Sehingga, saudaranya Rukunuddin Firuz diangkat sebagai sultan. Asumsi Iltumish
terbukti, Rakunuddin tidak mampu memimpin kesultanan. Razia diangkat kembali
menjadi seorang penguasa di Delhi. Dia adalah penguasa perempuan pertama dalam
sejarah Islam. Pengangkatan ini memicu pemberontakan di mana-mana yang menolak
sultan perempuan pada tahun 1240 M, disamping itu Sultanah Razia pun tidak
memperoleh restu dari khalifah Abbasiah di Baghdad. Razia jatuh dan digantikan
oleh saudara laki-lakinya, Bahram Shah. Sama halnya seperti Rukunuddin, Bahram
pun tidak mampu memimpin. Selama kepemimpinan putra dan putri Iltumish yang tak
meyakinkan ini, memberikan kesempatan pasukan Mongol menekan perbatasan,
sehingga Lahore dan Multan menjadi sasaran penyerangan. Gubernur-gubernur di
provinsi juga memiliki kesempatan memperluas otonomi mereka sedangkan para
penguasa Hindu, khususnya Rajput, menunjukkan tanda-tanda ketidakpuasan.
Pada
tahun 1246 M pemerintahan diambil alih oleh Nasiruddin Mahmud yang yang
terkenal dengan kesalehan, kesederhanaannya dan paling baik pribadinya diantara
para penguasa abad ke-12 M. Konon, Nasiruddin tidak pernah menerima satu sen
pun uang negara sebagai gajinya.

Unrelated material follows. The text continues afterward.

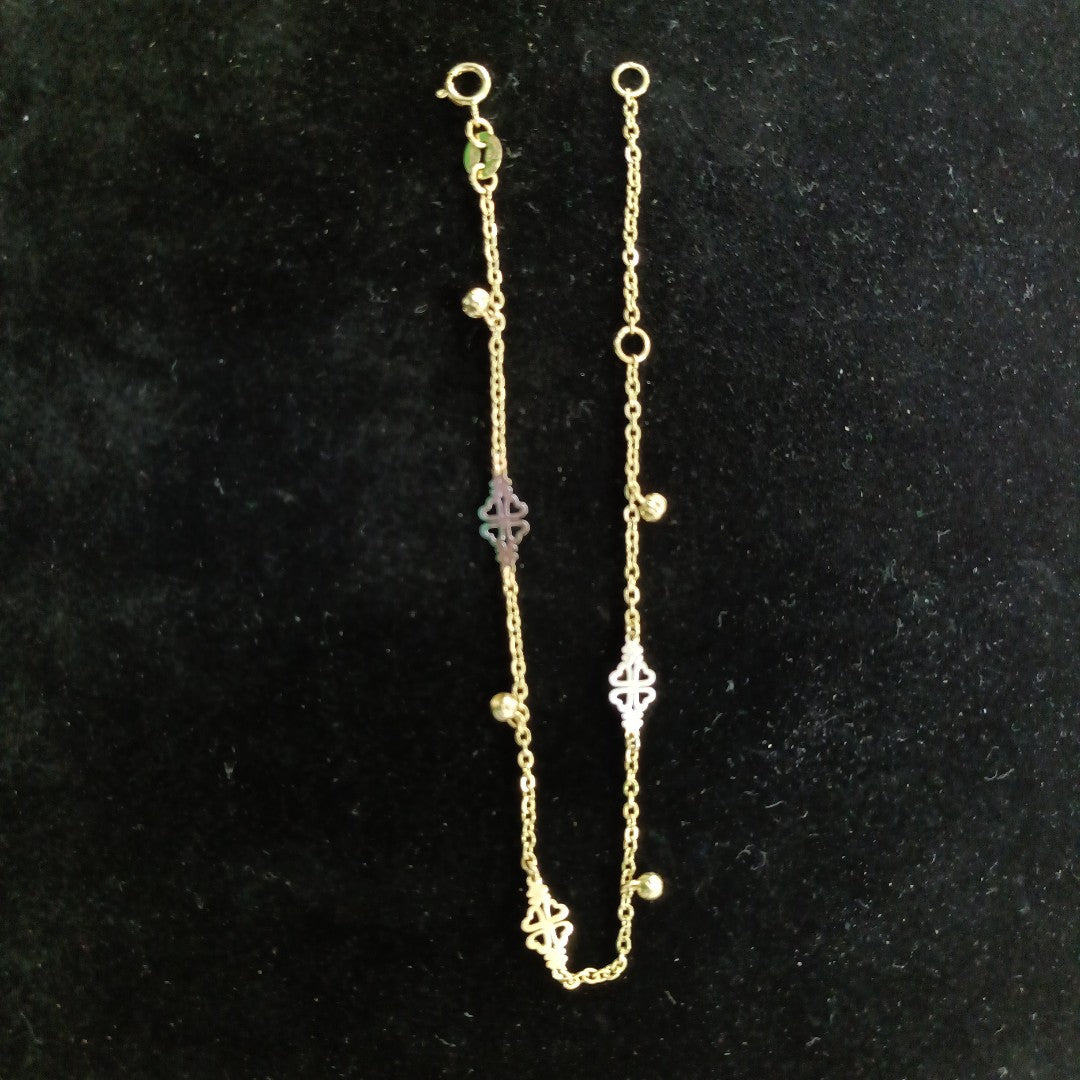 PULSERA ESPECIAL CON TREBOL 14K 18 CM 1.9 GR (NUEVO)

Dikarenakan Nasirudin tidak dianugrahi seorang
putra, maka ia digantikan oleh Ghiasuddin Balban seorang mantan budak dari
Sultan Iltumish.
C.
Ghiatsuddin
Balban (1266-1287)
Salah satu perkembangan penting pada periode
pasca-Iltutmish adalah keberadaan sekelompok bangsawan yang dikenal dengan nama
Ghulaman Chihilgani yang kesemuanya adalah budak Iltumish. Kira-kira arti dari nama
tersebut adalah komandan budak yang membawahi empat puluh budak. Kelompok ini
mendominasi lapangan dan memegang komisi kekuasaan selama tiga puluh tahun
sehingga keberadaan sultan hanyalah sebagai pimpinan boneka saja. Sosok terkuat
dan paling mendominasi diantara kelompok ini adalah Ghiasuddin Balban. Dia
telah memperoleh kekuasaan yang cukup besar bahkan sebelum aksesi Sultan
Nasiruddin Mahmud, penguasa terakhir dari garis keluarga Iltutmish. Tak lama
setelah aksesi Nasiruddin Mahmud, Balban dianggap sebagai na’ib al-mamlakat
(raja muda), yang mengakibatkan pengaruh bayangan sebagai wali mengurangi
kekuasaan sultan. Selama dua dekade Balban mengemudikan negara sebagai na’ib
al-mamlakat, Balban berusaha membendung kekacauan dekade anarki (1236-1246). Setelah
menjabat posisi tertinggi kesultanan, Balban meyakini bahwa kelemahan mahkota
terletak pada akar semua penyakit negara. Gagasan tentang monarki, pemerintahan
dan agama, terungkap dalam pidato-pidatonya kepada putra-putranya dan para
bangsawan, yang seringkali disebut sebagai ‘teori politik’ nya. Berbagai elemen
pemikirannya, meskipun tidak rumit atau cukup komprehensif untuk
dipertimbangkan sebagai sebuah teori, tetap masuk akal. Balban menampilkan kekuatan besar dan
kekejaman dalam menghancurkan rival politik, pemberontak, menghukum gubernur
dan kepala daerah yang keras kepala.
Balban
terkenal akan kediktatorannya, baginya the blood iron policy untuk keamanan dan
penegakan hukum Allah di negerinya. Sepeninggal sultan Balban, beliau
digantikan cucunya Kaikobad (1287-1289 M) yang bergelar Mu’izzuddin. Sultan
muda ini lebih suka berfoya-foya dan tidak berpengalaman dalam hal administrasi
negara sehingga segera kehilangan semua kendali urusan negara. Melihat itu,
para pembesar istana pun bersekongkol mengkudetanya lalu menggantikannya dengan
putranya, Kaimus (1289 M) yang baru berusia tiga tahun, agar pemerintahan tidak
keluar dari garis keturunan Balban.
Kepemimpinan Sultan Kaimus tidak menjanjikan harapan bagi
keberlangsungan Dinasti Mamluk, hingga berakhir di tangan klan Khalji dengan
tampuk kepemimpinan dipegang oleh Jalaluddin Firuz yang berhasil melepaskan
Kesultanan Delhi dari pengaruh bangsawan Turki.